|Fire Plane 1 by Pam Hardman|
Pam Hardman looked at Greenham Common and it's sense of place. Her large etchings of the military bunkers overlaid with the blind embossed images of the watchtower, peace-camp posters, song sheets and traces of barbed wire were mesmerising. The blind embosses which required the viewer to catch the image in just the right angle of light were like looking back into the past, a fading memory of challenging times. Being local to the area she brings a sense of awe in the natural landscape, beautifully highlighting numerous areas and structures still remaining on the Common that speak of its chequered history.

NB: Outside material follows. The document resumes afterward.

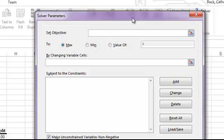The by changing variable cells is how we are going to reach our goal. What cells in the spreadsheet can we change in order to reach our objective? Subject to the constraints allows us to put in those real-world limitations so that we make sure we get a realistic answer.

Andrea Hasler jolts you back to the hard facts and cruelties of war through her sculptural pieces created in deceivingly feminine pink tones. Three wax figures stand in the first gallery combining aspects of nuclear explosions and human suffering, a historical statement of the casualties of war. But turn the corner to what seems like peaceful representations of the tents, so identifiable to the protests at Greenham Common, to be confronted with a putrid, visceral outpouring of emotion, I felt ill. I'm not sure if it was intended or a by-product of the work having been in place for almost 2 months but there was a surface slime, beads of sweat running down the sides and the trail of red 'blood-like' liquid had been stepped in creating traces of foot prints trailing away. Very powerful work.
|Matriarch by Andrea Hasler|
'Embrace The Base' runs until 11th April at New Greenham Arts, Newbury.